I too love Eau d'Navagateur , but MPG was dark and sharp...
I think it is spelled Porto Rico Imports , an ex-employee of mine works there...
I continue to smell- and re-smell - This particular MPG.
For some reason, there is a very real rawness in it, with which I have an ongoing approach / avoidance relationship...
Fascinating.
And Leporte was a real innovator; he had a discontinued scent that was composed , primarily- of celery and patchouli...
The ODDEST thing.
I had to mix 1/2 and 1/2, with Eau de L'Artisan.
I have this, I was lucky enough to acquire a full bottle in a giveaway, and I adore it. It's nominally masculine but it smells wonderful on me.
Yes, Jean Laporte created some fabulous perfumes, I wish I could still get some from his original line. I loved his mango & dark vanilla scent L' Eau des Merveilleuses to distraction, and I still miss it. Had I know the company was going to go away I would have bought more than one of those stunning scents of his.
Ines and waftbyCarol- Eau de Navagateur has always struck me as easier, more open and giving, whereas Eau des Îles is more angular, like a piece of gnarled, surf-smoothed driftwood. It's coffee is green with a civet twist (Kopi Luwak anyone?)

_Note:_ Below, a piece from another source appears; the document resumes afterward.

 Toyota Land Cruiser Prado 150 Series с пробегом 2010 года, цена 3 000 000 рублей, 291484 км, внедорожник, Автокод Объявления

Chaya, yes I agree with you on the rawness, the greenness of the thing, smeared with some cat potty. I have a vintage sample, 5 years old. Did this change recently with the new bottles? Or did the change occur much earlier? I would so love to capture a full bottle or at least a healthy decant soon. I think it would RULE in the New York humidity.